Technical Article

An Introduction to the Architectures Powering the Current LLMs

Sep 9, 2025

Sara Han Díaz

DevRel Engineer

Bertrand Charpentier

Bertrand Charpentier

Cofounder, President & Chief Scientist

Large Language Models (LLMs) have rapidly become a hot topic in various fields over the past few years. At Pruna, the focus has been clear: make these models smaller, faster, cheaper, and greener. To this end, the team has explored and provided different optimization techniques, from caching and model compilation to advanced quantization.

For an overview of AI model optimization techniques, see this blog.

However, these individual optimizations are just pieces of a much larger machine. We must lift the hood and examine the engine to understand how it works. This blog post will provide an overview, not attempting to cover every mathematical detail, but focusing on the central intuition, of the key architectures powering today’s language models: Autoregressive Models, State-Space Models, and Diffusion-based Models.

Where It All Begins: Tokenizers and Embeddings

Before we dive into the intricate inner workings, it’s worth remembering that an LLM can’t “think” until it first “reads” your request, something it does through tokenization and embedding.

For example, if you ask, "How do I optimize a model?", the model doesn’t receive that sentence as you wrote it.
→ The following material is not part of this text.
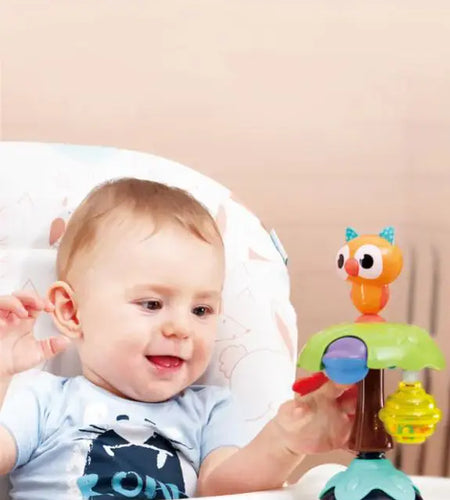 Baby Eating Soothing Rattles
Instead, it's first tokenized, i.e., the text is broken into smaller, more frequent chunks known as tokens. The process involves the following steps:

  1. Text normalization, standardizing case and punctuation to ensure consistency.

  2. Pre-tokenization breaks the text into rough chunks, such as words or subwords.

  3. The actual tokenization kicks in. This step can vary slightly between models depending on design choices: the tokenization method (most commonly Byte Pair Encoding, or BPE, and its variants), the vocabulary and special tokens that define the model’s “dictionary,” and the training data that influences how the tokenizer learns the patterns to split the input.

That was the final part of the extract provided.